Samoan Clipper was one of ten Pan American Airways Sikorsky S-42 flying boats. It exploded near Pago Pago, American Samoa, on January 11, 1938, while piloted by aviator Edwin Musick. Musick and his crew of six died in the crash. The aircraft was carrying only airmail and express freight; no passengers were aboard.
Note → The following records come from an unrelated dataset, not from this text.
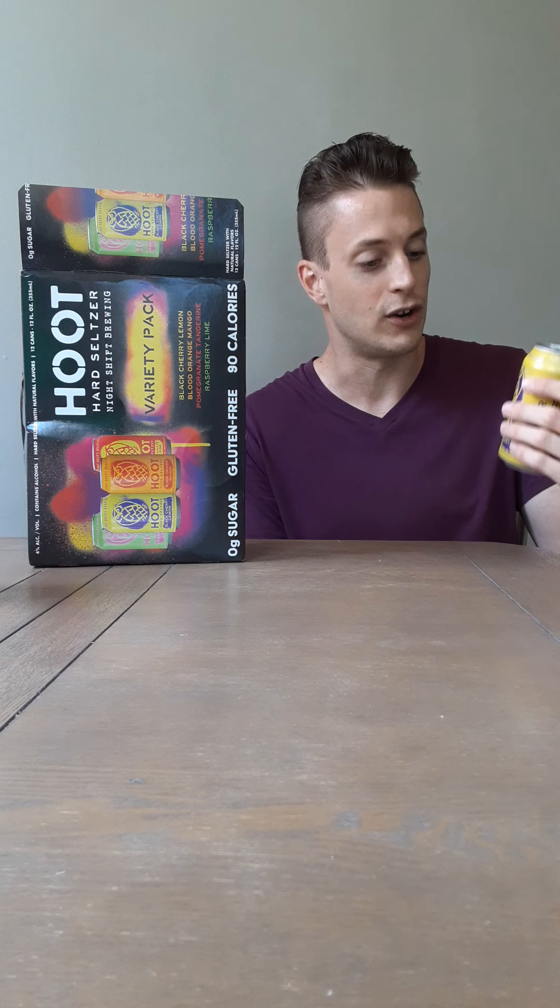This is excellent. I would compare this to Polar, also out of Massachusetts — not a beer company, though, just a traditional seltzer water company. These are great in terms of how crisp they are and the subtle flavor. It doesn't have any syrupy taste, it's not overpowering. It really just kind of drinks like a normal seltzer water would. This is really good.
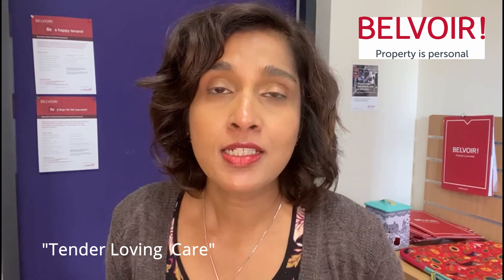Have you got your eye on a property to do up that requires some major TLC? In this little video, I will point out a few things that you should look out for when taking on a renovation project.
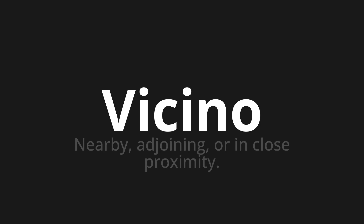Let's say it all together. Vicino. Vicino. Vicino.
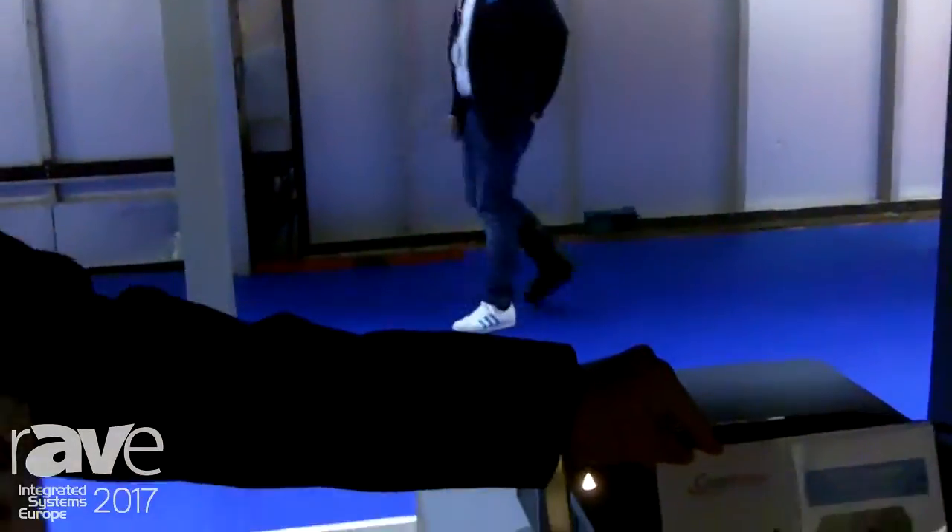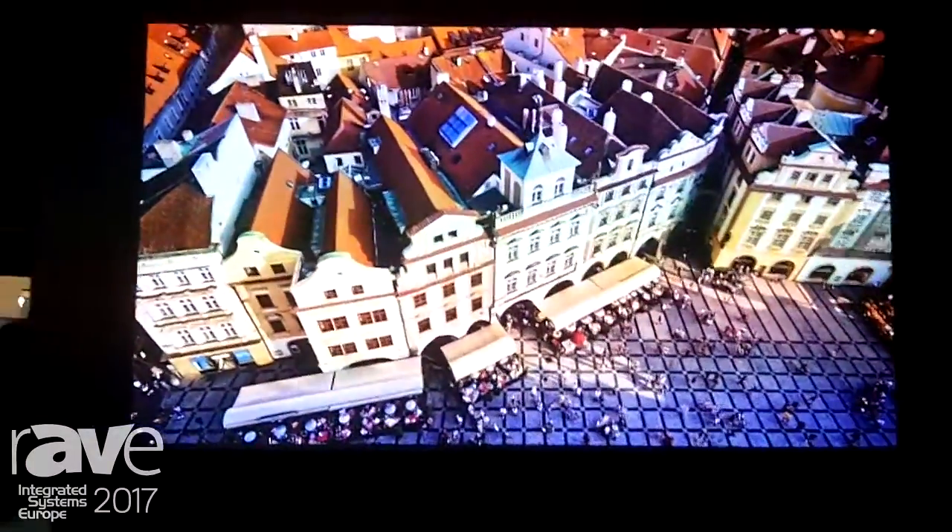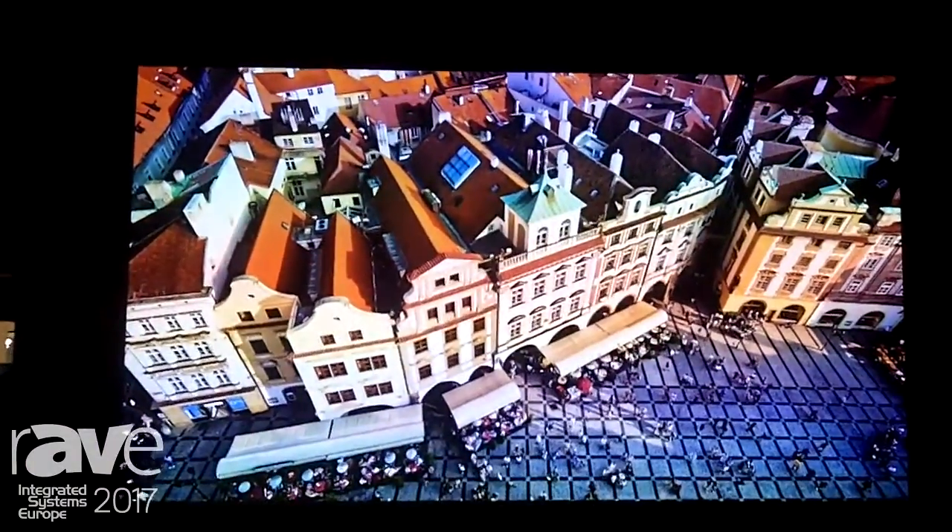Here I'm introducing our latest standard flow 4K 5000 Numen laser projector. Many people who have seen the performance of the projector said this is probably the best 4K projector they have seen at a show.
The aircraft developed an oil leak shortly after taking off from Pago Pago harbor, and the crew decided to return to port. However, the S-42, fully loaded with fuel, was too heavy to land safely in the limited space of the harbor, so the crew elected to dump fuel before landing. While fuel dumping was in progress, there was a fire and explosion which destroyed the aircraft, killing all aboard. The exact cause of ignition for the fire could not be determined.

==Background==
On March 17, 1937, the Pan American Clipper departed San Francisco Bay to inaugurate a 7,000-mile South Pacific air route linking the United States and Australia. Later renamed the Samoan Clipper, it pioneered the San Francisco–Kingman Reef–Pago Pago–Auckland corridor, arriving in Pago Pago Bay on March 24 during the first leg from Hawaiʻi to Auckland. The flying boat operated for nine months before exploding shortly after departing Pago Pago on January 11, 1938.

==Accident==
Shortly after departing Pago Pago on January 11, 1938, Captain Edwin Musick reported an oil leak and prepared to jettison fuel for a safe landing. His final transmission at 8:27 a.m. read, “We are going to dump gas and we can’t use the radio during the dumping. Stand by.” The fuel apparently flowed over the lowered flaps onto a hot exhaust manifold, igniting and causing the tanks to explode. The USS Avocet found no survivors - only an oil slick, uniform coats, and aluminum debris. The Samoan Clipper carried six crew, including Musick. The village of Fagasā, being the closest to the crash site, responded by deploying its own fautasi to assist in search efforts.